Elko County wants end to 15-year-old trout case

Never one to back down from a fight with the U.S. government, northern Nevada's rural Elko County has been feuding with federal land managers for decades over environmental protections they say go too far. So it comes as a bit of a surprise to lawyers for the government and the environmental groups they've been battling for 15 years that the county's district attorney thinks it's time to end a legal skirmish over protecting a threatened fish and controlling a national forest road. "There is nothing left to fight about," Deputy District Attorney Kristin McQueary said about the dispute that pitted a citizen work crew called the Shovel Brigade against the Endangered Species Act.

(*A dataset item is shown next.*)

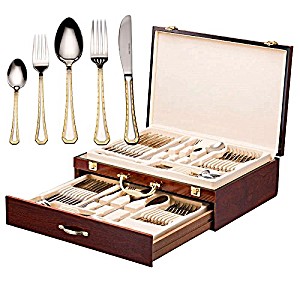 image of Italian Collection Damascus 75-PC Premium Silverware Flatware Serving Set
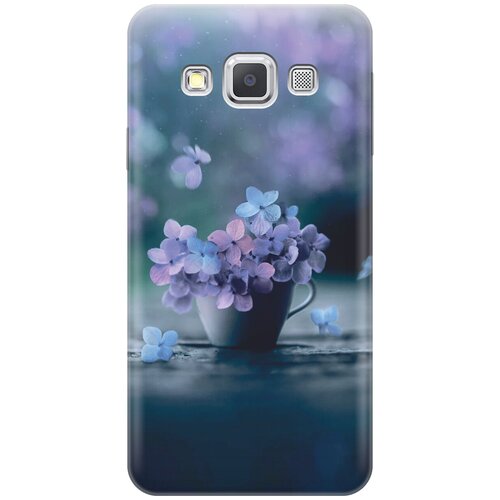 силиконовый чехол синие цветы в чашке на samsung galaxy a3 2016 самсунг а3 2016 Силиконовый чехол Синие цветы в чашке на Samsung Galaxy A3 / Самсунг А3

Mother Nature started the whole thing in 1995 when the Jarbidge River flooded its banks and washed out the final 1.5-mile stretch of the remote road that winds up a steep narrow canyon. The road dead-ends at a wilderness area where motorized vehicles are prohibited in the rugged mountains near the Nevada-Idaho line, about 70 miles west of Utah. The Forest Service initially made plans to repair most of the road, but backed off when Trout Unlimited objected based on concerns about the impact erosion from the road work would have on bull trout. The agency abandoned the idea altogether when then-Interior Secretary Bruce Babbitt declared the fish threatened in 1998 in Oregon, Washington, Idaho, Montana and Nevada. That's when the Elko County commissioners decided to take matters into their own hands and make their own repairs to the road they claimed belonged to the county in the first place, not the feds...more

Looks like the end for the Shovel Brigade.